- **INSTRUCTIONS FOR THE TASK**
Reproduce the lines below exactly, from the one containing "If you build" through the one containing "I just want", both included. Leave out any pictures.

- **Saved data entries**
BEGIN

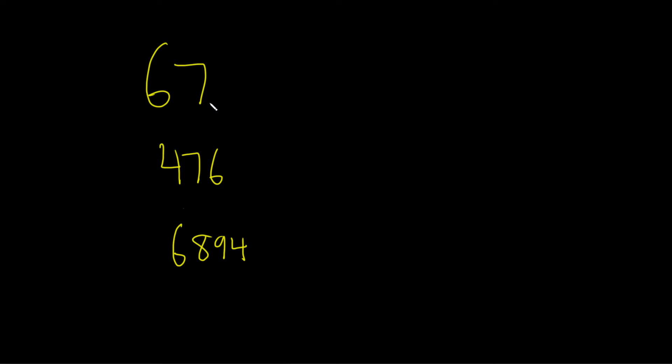So what you do is you start right here where the decimal is, and then you go left one time in this case. So we have 6.7. Because we went left one time, in scientific notation, it would be 6.7 times 10 to the 1. And you stop so that you just have one number here, like we just have the 6.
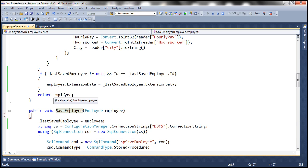If you build a new client for the service and that new client builds the proxy classes, the client will know that gender is not part of the employee class, so new clients won't supply values for gender. Extension data will be null for new clients, and that's fine.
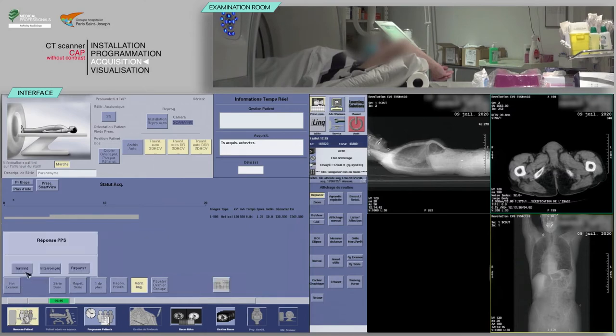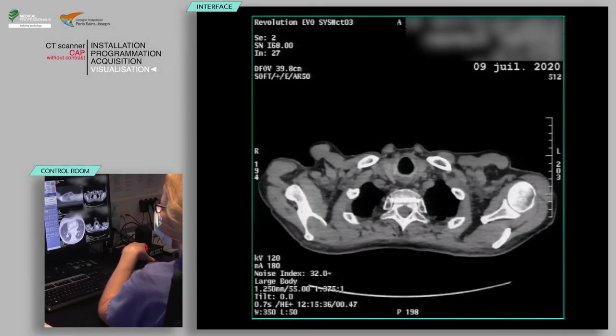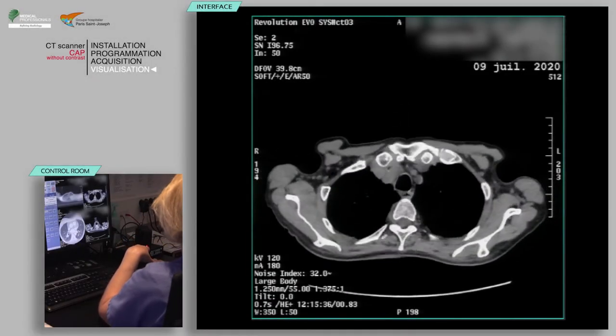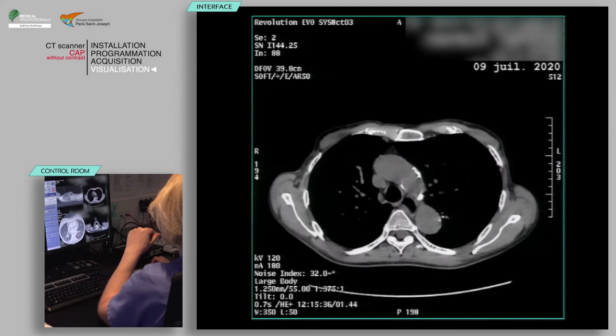After clicking on End Examination, you can do multi-planar reconstructions along with planes required by the radiologist.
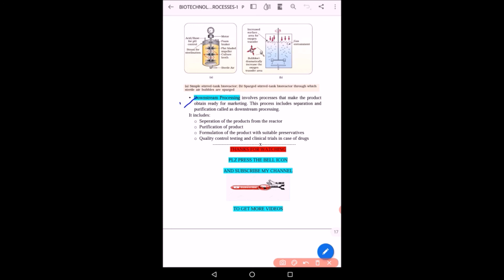After obtaining the desired product, it is made ready for marketing through a process known as downstream processing. Downstream processing involves separation of the product from the reactor, purification of the product, formulation with suitable preservatives so the product can be used for a longer duration, and quality control testing and clinical trials — which are very important before a drug comes to market.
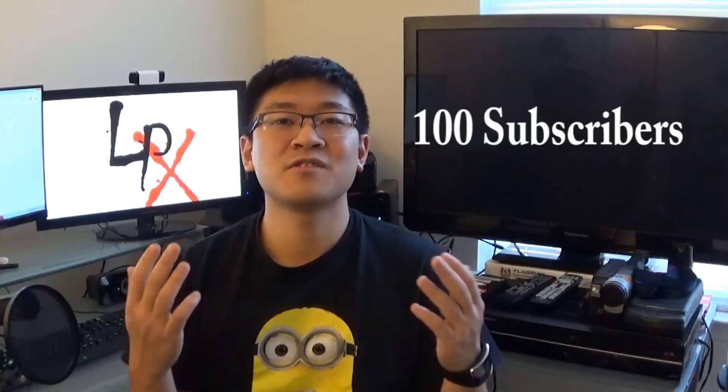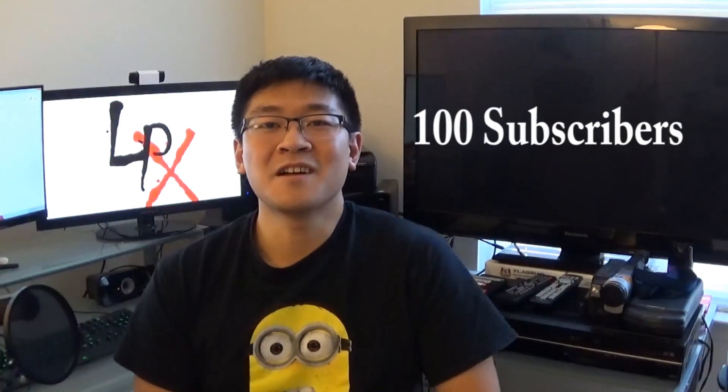I just want to quickly take a moment to thank you, the community. I've reached 100 subscribers.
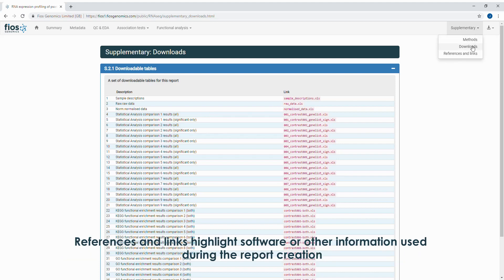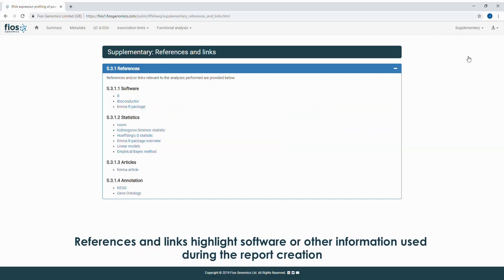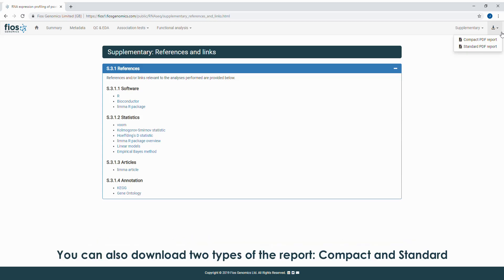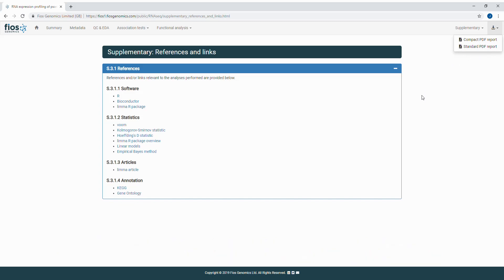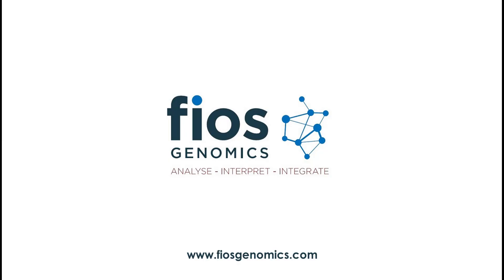References and links highlight software and other information used during the report creation. You can also download two types of the report, compact and standard. The compact report includes only the executive summary. The standard report contains everything included in the online report.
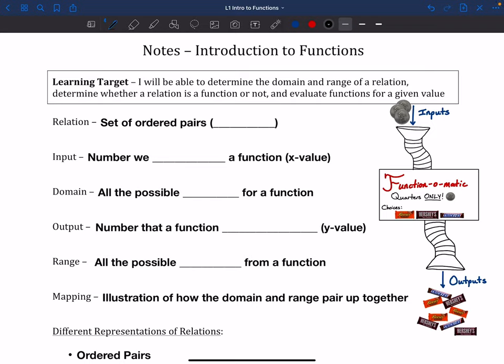Hello, once again. So what we're going to do today is we're going to do a little bit of an introduction to these things called functions. Throughout the rest of your mathematical career, you're going to run into these things. Functions are an important piece of a lot of mathematics.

END

- **REPLY TO THE TASK**
If you build a new client for the service and that new client builds the proxy classes, the client will know that gender is not part of the employee class, so new clients won't supply values for gender. Extension data will be null for new clients, and that's fine.
After clicking on End Examination, you can do multi-planar reconstructions along with planes required by the radiologist.
After obtaining the desired product, it is made ready for marketing through a process known as downstream processing. Downstream processing involves separation of the product from the reactor, purification of the product, formulation with suitable preservatives so the product can be used for a longer duration, and quality control testing and clinical trials — which are very important before a drug comes to market.
I just want to quickly take a moment to thank you, the community. I've reached 100 subscribers.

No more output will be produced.